Since C2H4 and C4H8 have the same C:H ratio they could not be distinguished by elemental analysis, only by determination of molecular weight, a process which was not agreed upon by organic chemists until after 1860.


4. After consulting the page on Liebig's method of analysis, reconstruct how the elemental analysis of urea could have been done experimentally. (You need also to know that when heated with cupric oxide and copper many substances released their nitrogen as N2 which could be measured by volume.) In light of this approach examine the theoretical and experimental results in Wöhler's paper carefully for errors in logic or arithmetic or both. What do you conclude?

   Answer

This whole thing is a comedy of errors. At first one might think that in reporting Prout's analytical results Wöhler, and Prout before him, were so honest as to report the observed amounts of elements, even though they did not sum to 100%. Carbon was measured as CO2, Hydrogen as H2O, and Nitrogen as N2, but Oxygen was determined by
difference, that is by subtracting the amount of C,H,N from the original total weight (assuming that no other elements were present). Thus both sets of percentages (experimental and theoretical) must sum to 100%!

The reported results show that in these early days of analysis Wöhler, a very intelligent person but until recently a student, was so naïve as not to notice that components should sum to 100%. This glimpse of a glimmer of his frailty helps us establish a fellow feeling with Wöhler, Prout and the other giants who developed organic chemistry and makes it clear that you don't have to be perfect to make an important contribution, just honest, diligent, perceptive, and lucky.

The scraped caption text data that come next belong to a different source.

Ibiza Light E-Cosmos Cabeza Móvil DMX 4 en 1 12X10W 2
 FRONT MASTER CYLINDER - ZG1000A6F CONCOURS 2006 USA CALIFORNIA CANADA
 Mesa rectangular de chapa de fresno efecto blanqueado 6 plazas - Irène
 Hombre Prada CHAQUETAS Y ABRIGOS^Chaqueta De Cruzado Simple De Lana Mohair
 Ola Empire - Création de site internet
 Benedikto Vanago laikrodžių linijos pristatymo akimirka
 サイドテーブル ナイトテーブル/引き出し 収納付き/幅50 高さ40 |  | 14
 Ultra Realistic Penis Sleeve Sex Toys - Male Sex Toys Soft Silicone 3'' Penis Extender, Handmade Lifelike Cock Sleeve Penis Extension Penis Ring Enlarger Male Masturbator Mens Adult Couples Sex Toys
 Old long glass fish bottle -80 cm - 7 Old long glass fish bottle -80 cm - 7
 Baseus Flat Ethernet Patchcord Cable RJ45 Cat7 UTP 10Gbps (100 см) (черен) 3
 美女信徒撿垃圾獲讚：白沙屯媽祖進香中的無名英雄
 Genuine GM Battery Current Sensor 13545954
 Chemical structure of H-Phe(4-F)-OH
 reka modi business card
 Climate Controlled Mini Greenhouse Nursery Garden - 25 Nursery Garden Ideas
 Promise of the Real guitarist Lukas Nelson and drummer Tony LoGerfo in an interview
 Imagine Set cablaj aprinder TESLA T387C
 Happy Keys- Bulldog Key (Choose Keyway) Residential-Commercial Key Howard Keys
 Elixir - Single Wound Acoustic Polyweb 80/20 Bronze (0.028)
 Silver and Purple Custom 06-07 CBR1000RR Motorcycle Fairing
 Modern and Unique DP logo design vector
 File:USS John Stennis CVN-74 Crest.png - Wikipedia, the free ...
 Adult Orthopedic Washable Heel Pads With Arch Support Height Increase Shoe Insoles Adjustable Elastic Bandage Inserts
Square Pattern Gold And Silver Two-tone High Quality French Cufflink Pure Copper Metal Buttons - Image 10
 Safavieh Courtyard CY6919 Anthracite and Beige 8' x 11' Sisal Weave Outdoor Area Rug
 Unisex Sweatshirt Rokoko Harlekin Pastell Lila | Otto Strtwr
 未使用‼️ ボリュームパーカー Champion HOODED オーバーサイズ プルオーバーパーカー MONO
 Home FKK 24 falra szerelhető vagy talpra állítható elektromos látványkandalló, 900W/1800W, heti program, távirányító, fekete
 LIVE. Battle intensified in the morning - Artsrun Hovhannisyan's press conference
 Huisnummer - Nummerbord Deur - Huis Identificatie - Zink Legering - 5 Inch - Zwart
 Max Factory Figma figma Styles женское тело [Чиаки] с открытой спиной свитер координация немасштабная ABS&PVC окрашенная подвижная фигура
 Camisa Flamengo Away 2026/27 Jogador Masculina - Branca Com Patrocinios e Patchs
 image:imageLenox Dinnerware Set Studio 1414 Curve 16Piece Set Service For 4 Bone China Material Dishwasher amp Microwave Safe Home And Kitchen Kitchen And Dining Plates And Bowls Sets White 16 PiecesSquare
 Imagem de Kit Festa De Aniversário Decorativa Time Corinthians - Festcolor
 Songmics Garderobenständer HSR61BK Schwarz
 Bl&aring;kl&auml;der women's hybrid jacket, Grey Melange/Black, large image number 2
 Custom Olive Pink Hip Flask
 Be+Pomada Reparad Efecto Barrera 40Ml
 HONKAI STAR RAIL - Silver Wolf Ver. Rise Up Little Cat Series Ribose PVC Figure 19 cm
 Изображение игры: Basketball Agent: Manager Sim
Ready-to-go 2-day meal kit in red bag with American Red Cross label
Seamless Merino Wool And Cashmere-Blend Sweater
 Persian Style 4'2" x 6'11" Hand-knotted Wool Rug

There is an addition error in the "experimental" case. The elements should sum to 99.945, not 99.875. This addition error was corrected in a subsequent French version of the paper. Most of the remaining difference from 100 is due to two cycles of round-off error in Prout's two-stage calculation of weight of the elements in 4 grains of urea. Prout's round-off errors were partially offset by Wöhler's mistake in reporting the % of hydrogen as 6.670 rather than 6.650. (Remember that these results were not truly experimental, as explained in the answer to Question 1 above.)

In the calculated case for ammonium cyanate the numbers were added correctly, but 20.198 had been rounded down to 20.19, rather than up, and more importantly the last two digits had been transposed in 26.24. These errors were not corrected in the French, so even when Wöhler (or an editor) went over the numbers, he didn't notice the problem of failure to total 100%.

We can't blame Wöhler too much for this error. After all this was early days, and quantitative precision didn't have a lot to do with the point of the paper. Still, especially if analysis is all you have, it is important to do it right. It is remarkable that no one else (as far as I know) from these later, more sophisticated days has commented on the arithmetic errors in this widely quoted (if not carefully read) paper of great historical significance. Analyses in papers of Berzelius, Wöhler's teacher, did total 100%.